- YOUR OBJECTIVE: In the data that follows, find the line with "Jasna Kinđić i"; transcribe it, every later line up to the one with "Produktfoto 1 von", and that line as well, exactly and with no others.

---- MATERIAL FOR THE TASK

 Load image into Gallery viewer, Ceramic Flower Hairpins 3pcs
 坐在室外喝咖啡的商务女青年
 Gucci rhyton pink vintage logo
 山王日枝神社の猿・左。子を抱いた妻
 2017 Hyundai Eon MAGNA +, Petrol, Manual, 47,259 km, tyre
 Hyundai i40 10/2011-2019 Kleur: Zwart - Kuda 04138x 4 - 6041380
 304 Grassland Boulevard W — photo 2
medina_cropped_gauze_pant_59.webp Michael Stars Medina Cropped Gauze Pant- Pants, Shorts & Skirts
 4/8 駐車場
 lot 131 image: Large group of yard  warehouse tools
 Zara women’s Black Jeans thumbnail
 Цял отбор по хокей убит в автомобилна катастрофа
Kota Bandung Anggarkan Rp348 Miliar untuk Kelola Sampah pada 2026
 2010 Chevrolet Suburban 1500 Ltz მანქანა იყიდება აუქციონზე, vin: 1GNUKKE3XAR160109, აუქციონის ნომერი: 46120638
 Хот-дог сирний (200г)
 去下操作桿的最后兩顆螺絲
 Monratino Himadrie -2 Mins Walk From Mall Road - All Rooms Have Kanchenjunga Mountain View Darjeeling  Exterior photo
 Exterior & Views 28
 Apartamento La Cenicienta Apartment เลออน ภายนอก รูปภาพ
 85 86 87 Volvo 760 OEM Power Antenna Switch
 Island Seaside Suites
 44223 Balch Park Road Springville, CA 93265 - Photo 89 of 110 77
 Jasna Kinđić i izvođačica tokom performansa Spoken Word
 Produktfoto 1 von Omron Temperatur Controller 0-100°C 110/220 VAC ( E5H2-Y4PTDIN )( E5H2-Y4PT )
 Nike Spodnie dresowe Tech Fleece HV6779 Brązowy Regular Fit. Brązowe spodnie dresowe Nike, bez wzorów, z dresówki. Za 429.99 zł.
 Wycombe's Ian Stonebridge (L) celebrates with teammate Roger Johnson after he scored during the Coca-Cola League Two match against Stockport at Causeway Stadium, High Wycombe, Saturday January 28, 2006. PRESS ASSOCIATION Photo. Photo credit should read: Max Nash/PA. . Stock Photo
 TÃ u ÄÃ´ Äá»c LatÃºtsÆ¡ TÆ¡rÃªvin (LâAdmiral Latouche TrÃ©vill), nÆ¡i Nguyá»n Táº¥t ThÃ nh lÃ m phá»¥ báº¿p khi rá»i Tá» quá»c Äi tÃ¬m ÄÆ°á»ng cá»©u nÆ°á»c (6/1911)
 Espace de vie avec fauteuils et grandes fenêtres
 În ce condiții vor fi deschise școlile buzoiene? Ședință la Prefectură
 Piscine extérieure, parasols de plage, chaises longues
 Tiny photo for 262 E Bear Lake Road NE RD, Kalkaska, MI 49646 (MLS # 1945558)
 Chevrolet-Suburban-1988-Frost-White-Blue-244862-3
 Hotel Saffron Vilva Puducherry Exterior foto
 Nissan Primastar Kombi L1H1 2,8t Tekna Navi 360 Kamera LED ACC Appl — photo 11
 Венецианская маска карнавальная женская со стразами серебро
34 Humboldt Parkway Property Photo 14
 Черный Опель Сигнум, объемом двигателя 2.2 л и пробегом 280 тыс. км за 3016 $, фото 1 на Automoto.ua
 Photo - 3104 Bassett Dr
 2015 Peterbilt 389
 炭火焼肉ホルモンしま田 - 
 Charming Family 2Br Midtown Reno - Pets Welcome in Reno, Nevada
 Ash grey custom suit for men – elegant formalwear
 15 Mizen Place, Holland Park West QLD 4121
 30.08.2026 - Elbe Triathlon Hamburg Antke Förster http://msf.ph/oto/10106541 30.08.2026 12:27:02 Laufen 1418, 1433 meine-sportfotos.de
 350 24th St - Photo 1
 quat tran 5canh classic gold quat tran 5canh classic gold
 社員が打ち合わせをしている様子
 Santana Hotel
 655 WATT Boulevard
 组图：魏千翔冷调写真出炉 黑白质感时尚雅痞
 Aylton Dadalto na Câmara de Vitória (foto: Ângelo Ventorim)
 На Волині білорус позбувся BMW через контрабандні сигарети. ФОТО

--------

- WRITTEN RESPONSE:
 Jasna Kinđić i izvođačica tokom performansa Spoken Word
 Produktfoto 1 von Omron Temperatur Controller 0-100°C 110/220 VAC ( E5H2-Y4PTDIN )( E5H2-Y4PT )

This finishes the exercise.